No amount of wasted energy is affordable in today’s electronic products. Designers know that their circuits are idle a significant fraction of time, but have no proven technology that exploits idle moments to save power. An EPU is a hardware subsystem that enables designers to better manage and control circuit idle time. Where the host processor (CPU) optimizes the active moments of the SoC components, the EPU optimizes the idle moments of the SoC components. By construction, an EPU delivers lower power consumption than software-controlled power management. EPUs possess the following characteristics:

  • Fine-grained power partitioning maximizes SoC energy savings opportunities
  • Autonomous hardware-based control provides orders of magnitude faster power up and power down than software-based control through a conventional processor
  • Aggregation of architectural power savings techniques ensures minimum energy consumption
  • Reprogrammable architecture supports optimization under varying operating conditions and enables observation-driven adaptation to the end system.

About ICE-G1

The Sonics’ ICE-G1 EPU accelerates the development of power-sensitive SoC designs using configurable IP and an automated methodology, which produces EPUs and operating results that improve upon the custom approach employed by expert power design teams. As the industry’s first licensable EPU, ICE-G1 makes sophisticated power savings techniques accessible to all SoC designers in a complete subsystem solution. Using ICE-G1, experienced and first-time SoC designers alike can achieve significant power savings in their designs.
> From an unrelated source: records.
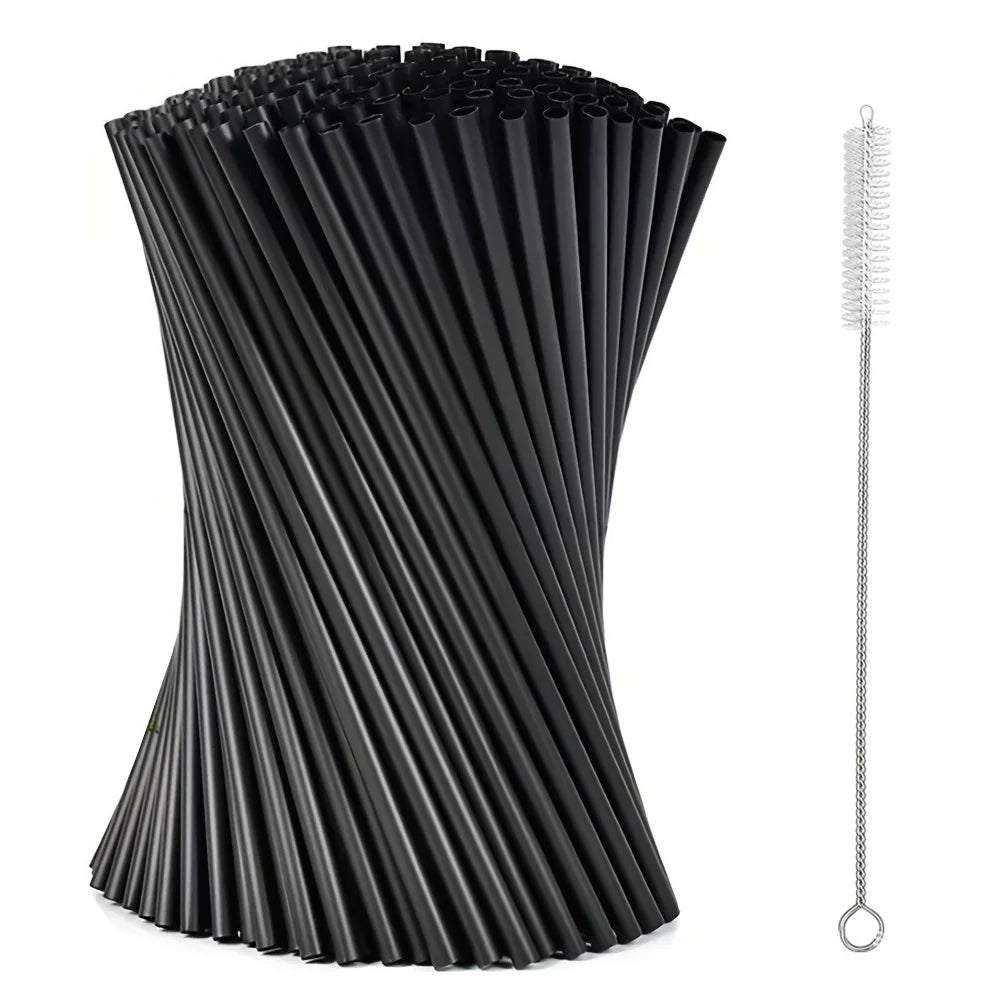 Black Drinking Straws Straw Brush Cocktail Reusable Flexible Plastic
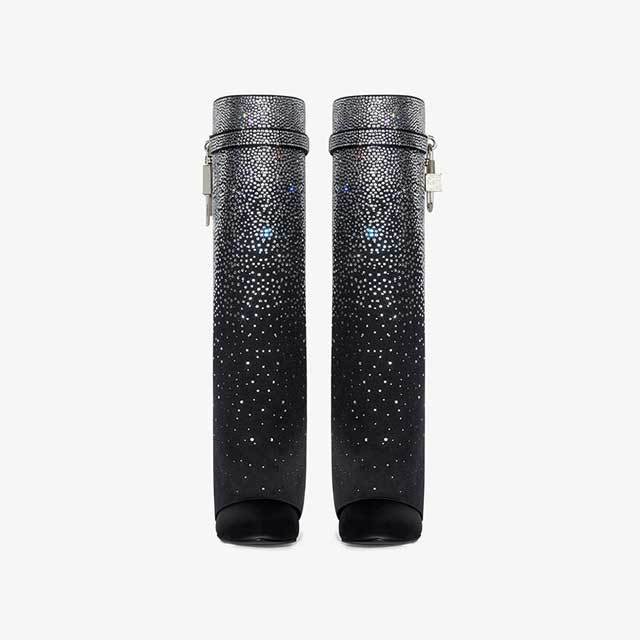 Shark Lock Rhinestones Knee Length Boots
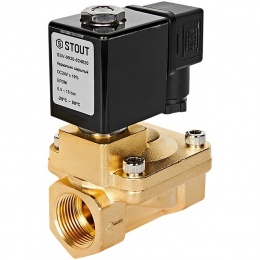 STOUT Клапан соленоидный (электромагнитный), непрямого (пилотного) действия, НЗ, 24В, G3/4, EPDM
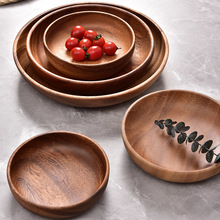 厂家批发相思木果盘木质零食木碟子家用西式圆形木盘日式餐盘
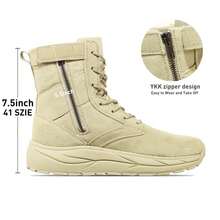 Unisex Adult Leather Tactical Boots With Rubber Sole, Side Zipper, Lightweight For Outdoor Hiking - Multicolor - View 2
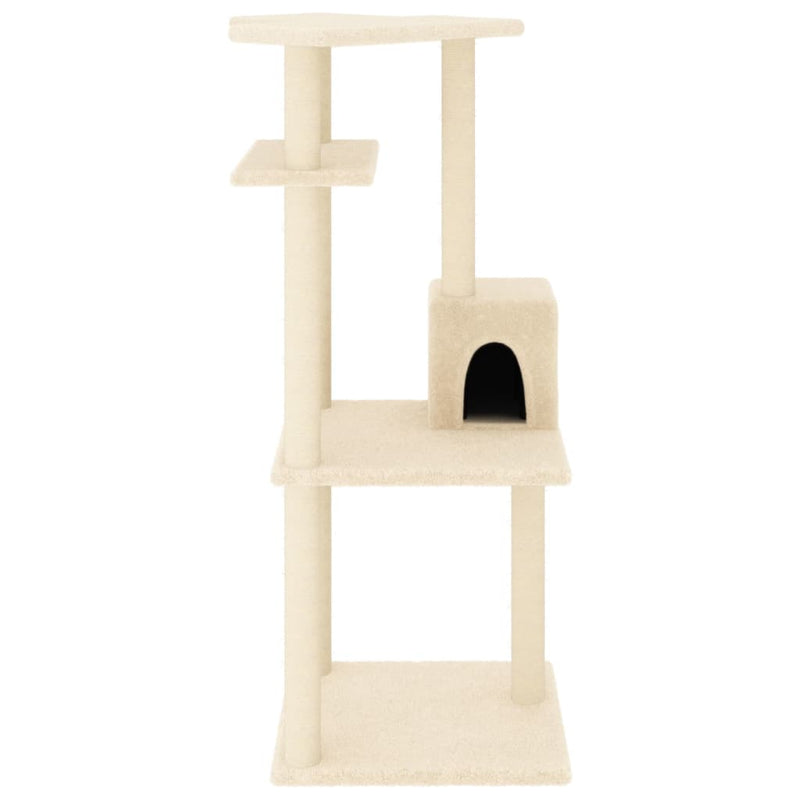 vidaXL Cat Tree with Sisal Scratching Posts Cream 123 cm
Markets for ICE-G1 include:

- Application and Baseband Processors
- Tablets, Notebooks
- IoT
- Datacenters
- EnergyStar compliant systems
- Form factor constrained systems—handheld, battery operated, sealed case/no fan, wearable.

-ICE-G1 key product features are:Intelligent event and switching controllers–power grain controllers, event matrix, interrupt controller, software register interface—configurable and programmable hardware that dynamically manages both active and leakage power.

- SonicsStudio SoC development environment—graphical user interface (GUI), power grain identification (import IEEE-1801 UPF, import RTL, described directly), power architecture definition, power grain controller configuration (power modes and transition events), RTL and UPF code generation, and automated verification test bench generation tools. A single environment that streamlines the EPU development process from architectural specification to physical implementation.

- Automated SoC power design methodology integrated with standard EDA functional and physical tool flows (top down and bottom up)—abstracts the complete set of power management techniques and automatically generates EPUs to enable architectural exploration and continuous iteration as the SoC design evolves.

- Technical support and consulting services—including training, energy savings assessments, architectural recommendations, and implementation guidance.

Conclusion

As can be seen from the contributions analysis and management of power is multi-faceted.  Dynamic control of power, especially in battery powered IoT devices is critical, since some of there devices will be in locations that are not readily reachable by an operator.